We had three months of slow drift between our Terraform code and AWS reality. Here's the daily-cron + Slack workflow that closed the gap.

On this page

Practical Guide: Infrastructure Drift Detection Workflow

About a year ago we found a security group rule in production that wasn't in our Terraform code. It had been added through the AWS console during a 2 AM incident six weeks earlier. The engineer fixing the incident did the right thing — fix first, file the followup. The followup never happened. The rule stayed.

That triggered a project to figure out, programmatically, when our actual infrastructure differs from our declared infrastructure. This post is the workflow we ended up with. It's not glamorous. It catches roughly one drift per week and we close most within a day.

The basic shape #

The workflow is a cron job that runs terraform plan against every environment every morning, in read-only mode, and reports the diff. If the plan would make any change at all, we treat that as drift — either the code has unmerged changes, or someone changed reality.

That's it.
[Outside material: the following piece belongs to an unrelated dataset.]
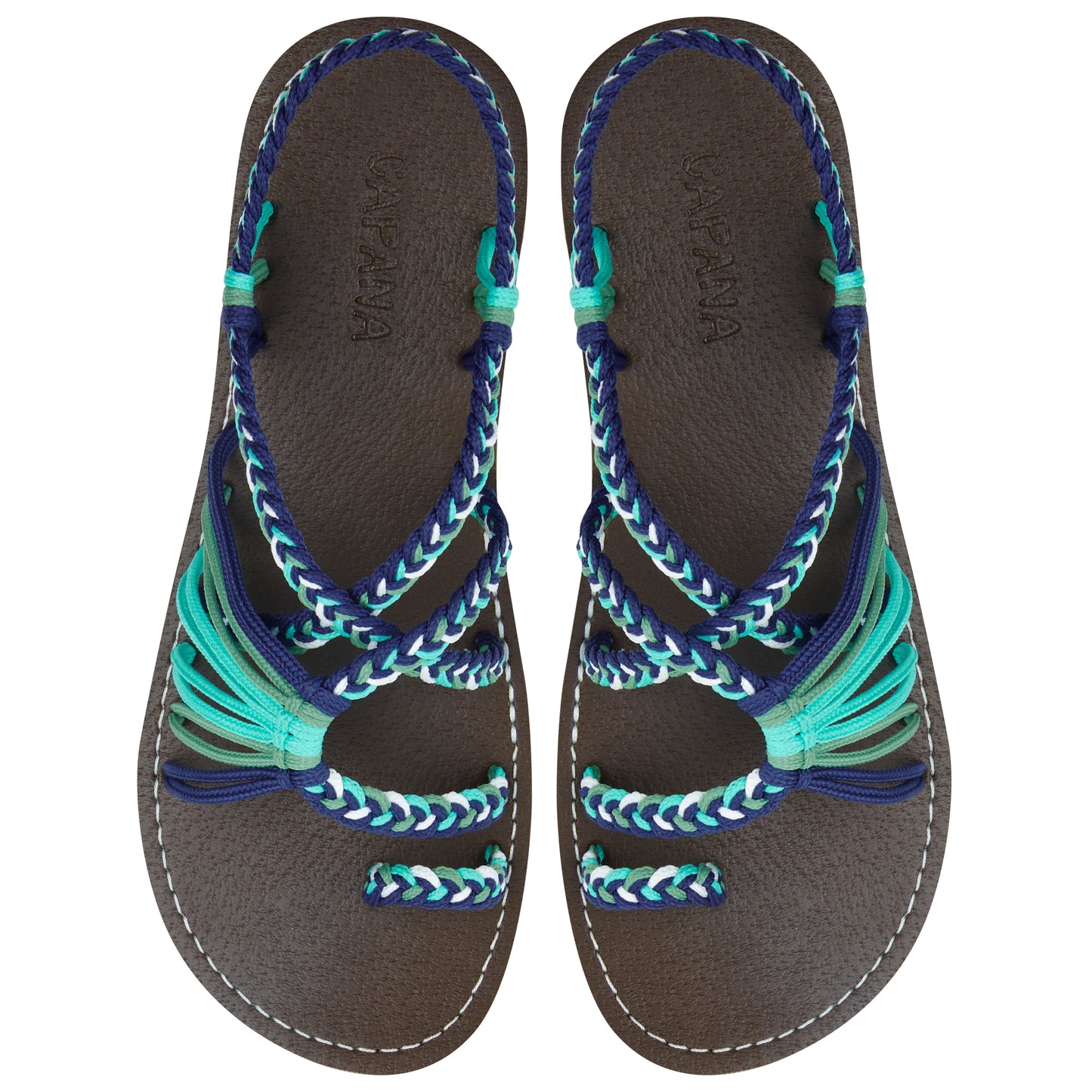 Commune Marine Pistachio Rope Sandals Blue Green loop design Flat sandals for women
That's the entire thing. The interesting parts are the operational details that make it actually work in practice.

The cron job itself #

Our environments are split across three AWS accounts (dev, staging, prod). Each has its own Terraform configuration in a directory. The cron is a GitHub Actions workflow that runs nightly:

yaml.yaml

name: drift-detection
on:
  schedule:
    - cron: '0 6 * * *'  # 06:00 UTC daily
  workflow_dispatch:

jobs:
  drift:
    strategy:
      fail-fast: false
      matrix:
        env: [dev, staging, prod]
    runs-on: ubuntu-latest
    permissions:
      id-token: write
      contents: read
    steps:
      - uses: actions/checkout@<sha>
      - uses: aws-actions/configure-aws-credentials@<sha>
        with:
          role-to-assume: arn:aws:iam::${{ vars.ACCT_ID }}:role/drift-detector
          aws-region: us-east-1
      - uses: hashicorp/setup-terraform@<sha>
      - name: terraform init
        run: terraform -chdir=environments/${{ matrix.env }} init -input=false
      - name: terraform plan
        id: plan
        run: |
          terraform -chdir=environments/${{ matrix.env }} plan \
            -lock=false -detailed-exitcode -out=tfplan 2>&1 | tee plan.txt
          # exit 0 = no changes, 1 = error, 2 = changes
        continue-on-error: true
      - name: parse plan
        if: steps.plan.outputs.outcome == 'failure' && steps.plan.outputs.exit_code != '1'
        run: |
          terraform -chdir=environments/${{ matrix.env }} show -json tfplan \
            | jq -r '.resource_changes[] | select(.change.actions != ["no-op"]) | "\(.change.actions[0]) \(.address)"' \
            > drift-summary.txt
      - name: post to slack
        if: steps.plan.outputs.exit_code == '2'
        uses: slackapi/slack-github-action@<sha>
        with:
          channel-id: 'C012345678'
          payload: |
            {
              "text": "Drift detected in ${{ matrix.env }}",
              "blocks": [
                {
                  "type": "section",
                  "text": {
                    "type": "mrkdwn",
                    "text": "*Drift detected in ${{ matrix.env }}*\nLink: ${{ github.server_url }}/${{ github.repository }}/actions/runs/${{ github.run_id }}"
                  }
                }
              ]
            }

The role drift-detector has read-only IAM permissions. It cannot apply, only plan. The state lock is bypassed (-lock=false) because read-only plans don't need it.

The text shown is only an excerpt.